We sat down with a legal expert, Atty. Paul Yusi, who has 28 years of law practice under his belt, and is the current chief legal adviser to one of the biggest motorcycle dealers in the country. He gave us his opinions regarding the controversial Doble Plaka Law, its implications, and any ways it can be changed.
MotoPinas.com: When RA 11235, or the Doble Plaka law, was signed by the President, one of its principal authors, Senator Gordon, had said in one of his interviews that decals or stickers could be required in place of number plates, contrary to his statements before the bicameral which produced the final version. Is this true? Can stickers be substitutes for a plate?
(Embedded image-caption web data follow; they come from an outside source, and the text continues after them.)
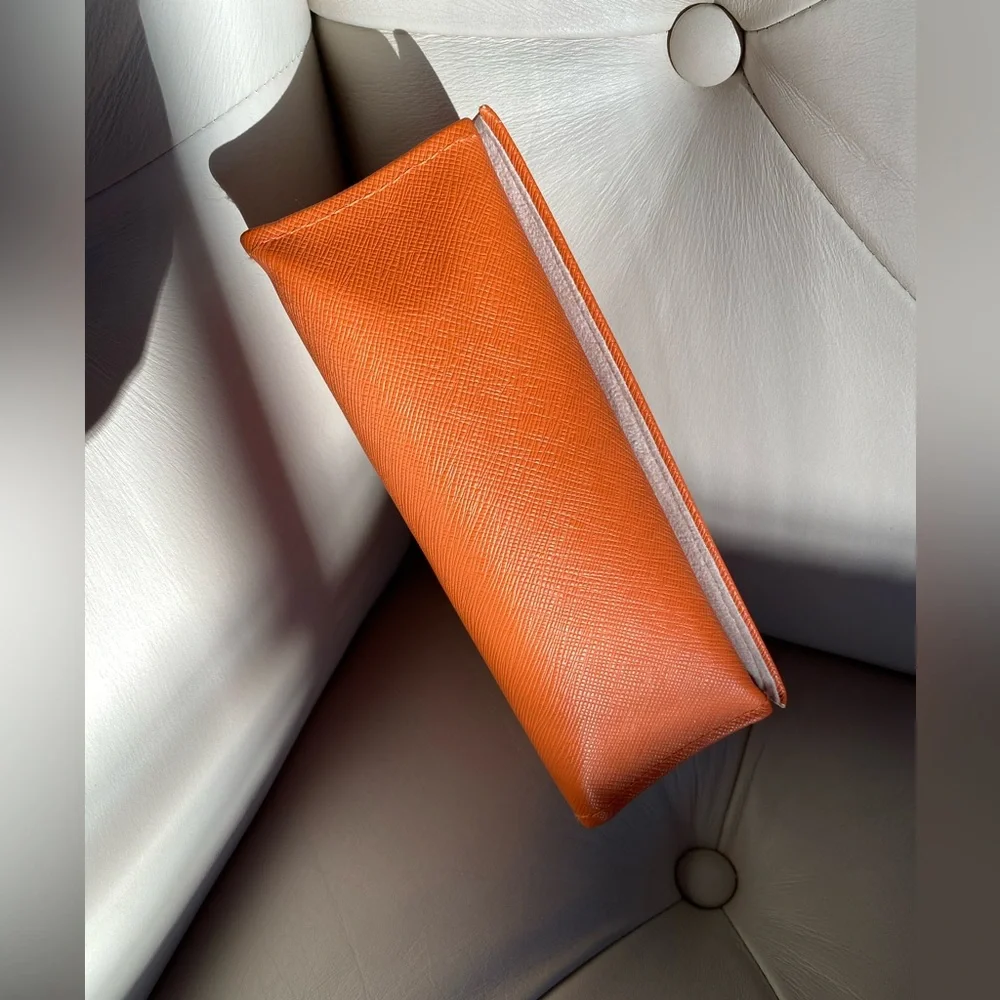 Tory Burch Orange Leather Sunglasses Case Eyeglass Hard Case Very Good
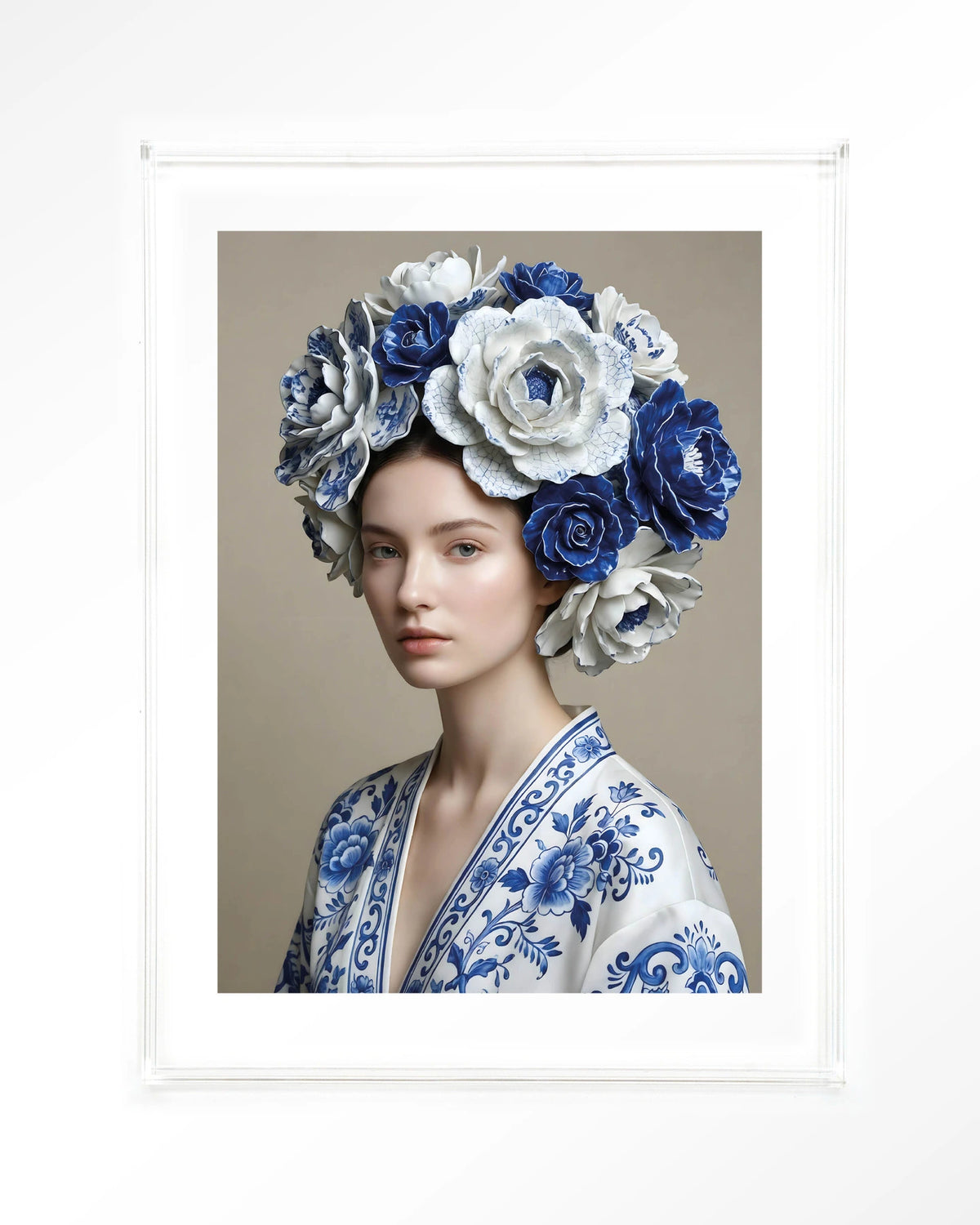 Royal Blue – vrouw met blauwe bloemenkrans – Art print – Acryl doorzichtig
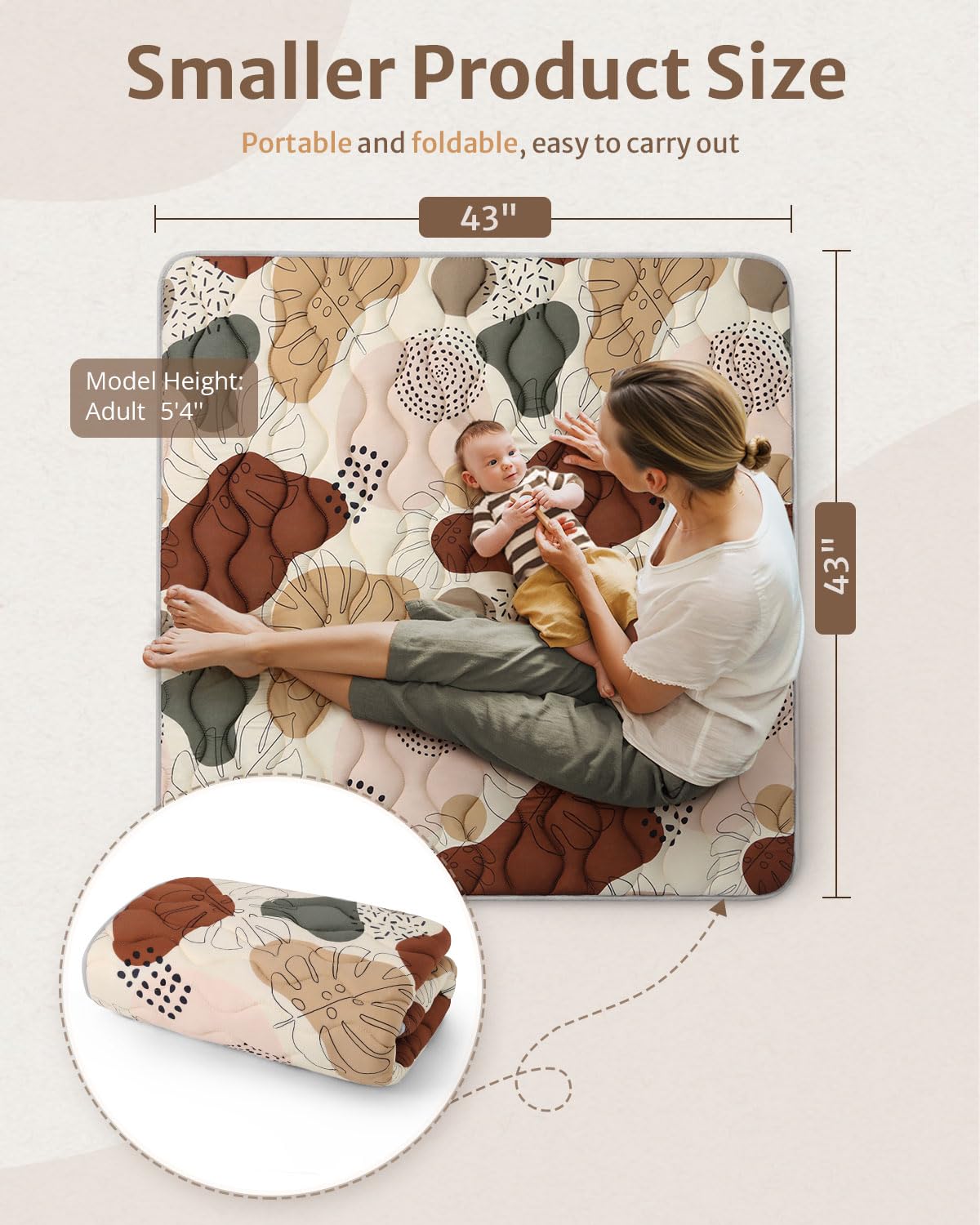 Blissful Diary Portable Baby Play Mats for Floor, Thicker Cushioned Foldable Baby Crawling Mat for Indoor Outdoor, Non-Slip & Washable Kids Playmat for Tummy Time Activity, Boho 43" X 43"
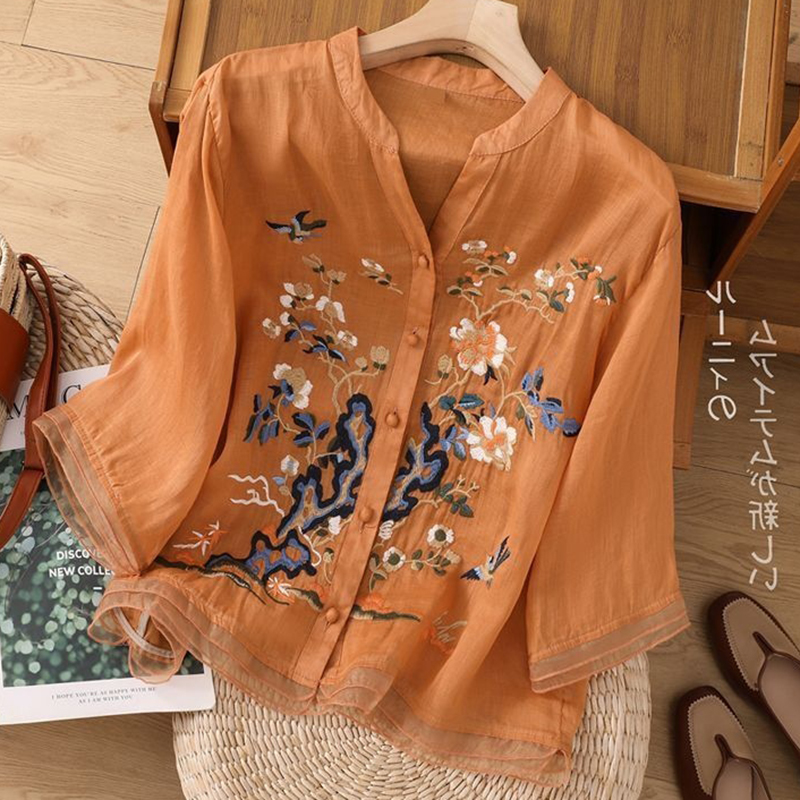 Comstylish Women's Casual Top With Floral Embroidery Shirt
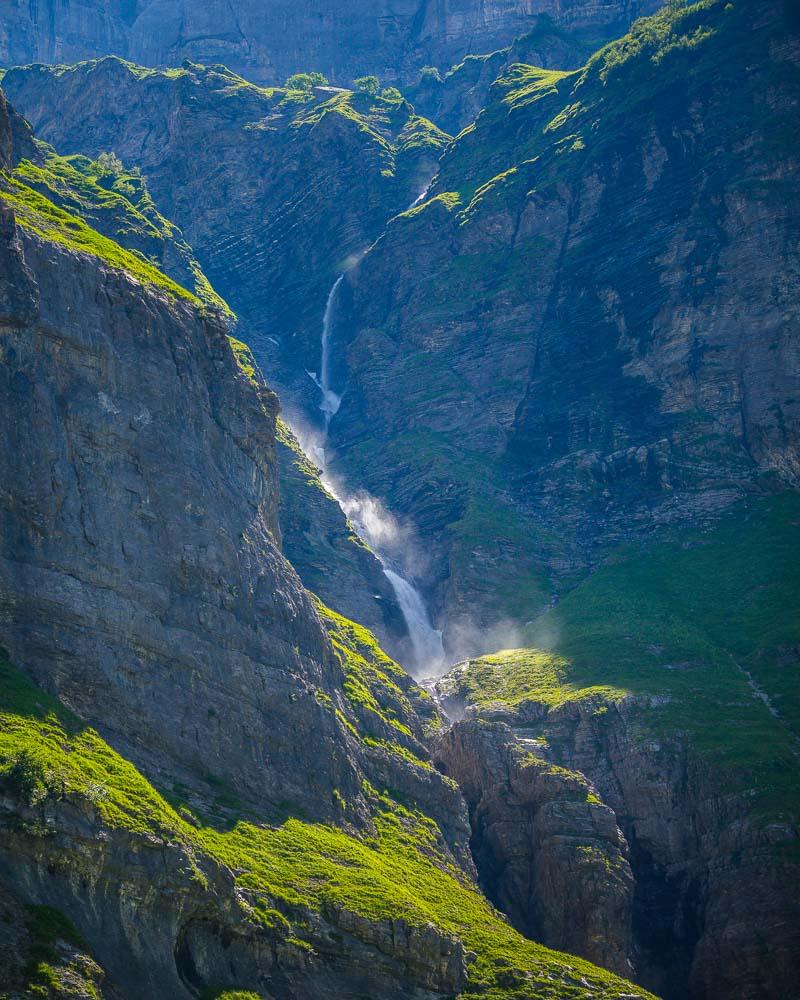 massive waterfall high up above the bout du monde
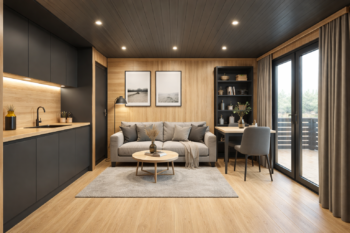 Interior modern al unei cabane modulare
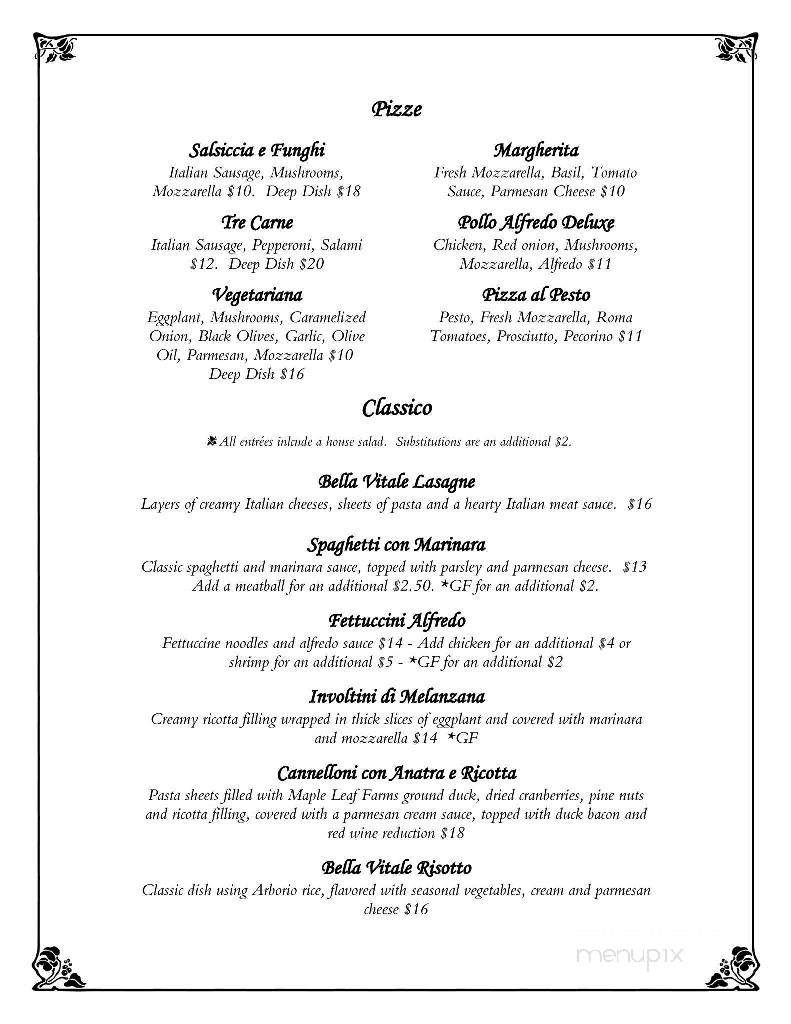 Bella Vitale Italian Eatery - Warsaw, IN menu_pic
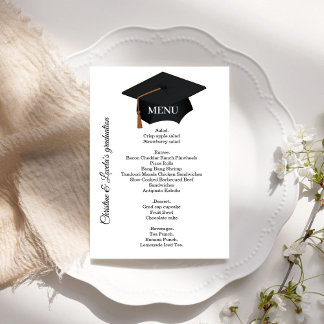 Convites Menu janto de Festa de formatura preto e branco ca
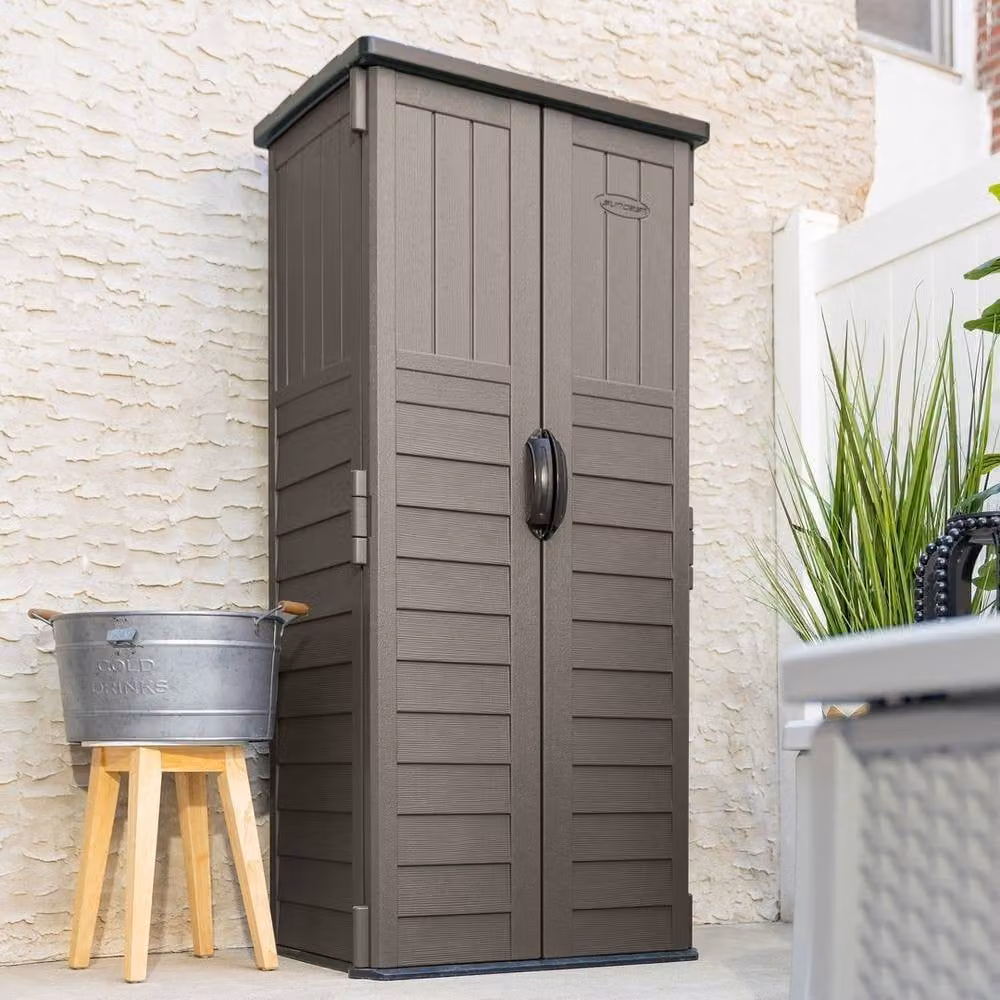 Rowlinsons Mannington Resin Storage Cabinet in Grey, W: 83 cm, D: 65 cm, H: 183 cm – 2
Atty. Yusi: No, Sen Gordon's statement when interviewed that decals or stickers would suffice as replacement for the front plate does not hold water insofar as what the controversial law says, which he principally authored. The IRR that will be drafted by the LTO where a compromise size and type of material to use resulting from the meeting called for by Sen. JV will also not hold water in law because it will not conform to the wordings and requirements of the law. The legal solution is to amend the law itself to conform with Senator Gordon and Senator JV's supposed wishes to calm the public, and that of the LTO's conformity thereto.
Unless it is amended, or repealed, it is the law, and law enforcers, especially the MMDA, CHPG, and other LGU traffic enforcers would have a heyday flagging and apprehending all bikes, including the weekend recreational big bikers for such violations. Note that that law says the bike will be confiscated and detained if the required plate is not installed and complied with. That law further says the owner will have to pay what seems to be "redemption fee," or other cynics would say "ransom fee" just to get the bike and after compliance with the required plate.”
MP: Also, Senator JV Ejercito said that he will do whatever he can to 'pacify' the provisions of the law during IRR deliberations. Would an RFID suffice?
Atty Yusi: The RFID for the motorbikes, big or small, in lieu of plates or the front plate to address the issues on the ridiculous size and on safety, is again NOT the law. The law does not even seem to give the LTO a discretion on how the plate requirement will be implemented. The wordings of the law on size and shape are exact. Absolutely no leeway is given to LTO. Hence, the proposal of Sen. JV or Gordon is wishful thinking. For now, of course, the LTO may somewhat agree to this idea but at the end of the day, it just has to get its bearing from what the law says. LTO, being an administrative body, cannot engage in administrative legislation, lest it violates the legal prohibitory rule on "undue delegation of legislative powers" only reserved for Congress. Sen JV as law maker, should ought to know that the only way to make the RFID or other sensible alternatives without sacrificing the intent of the law to prevent crimes using motor bikes, is to amend the law.
MP: There's also a provision under the new law that would utilize prisoners as free or cheap labor for the production of the said plates. Is that allowed in our law?
Atty Yusi: This is interesting. Legally speaking, this is a form of slavery akin to "force or hard labor" if imposed on prisoners. The only way this can be legally done are as follows:
a) The law violated by a prisoner for which he was prosecuted and convicted must have such kind of "force or hard labor" as part of the penalty in the law itself. Meaning, it is a penalty by itself.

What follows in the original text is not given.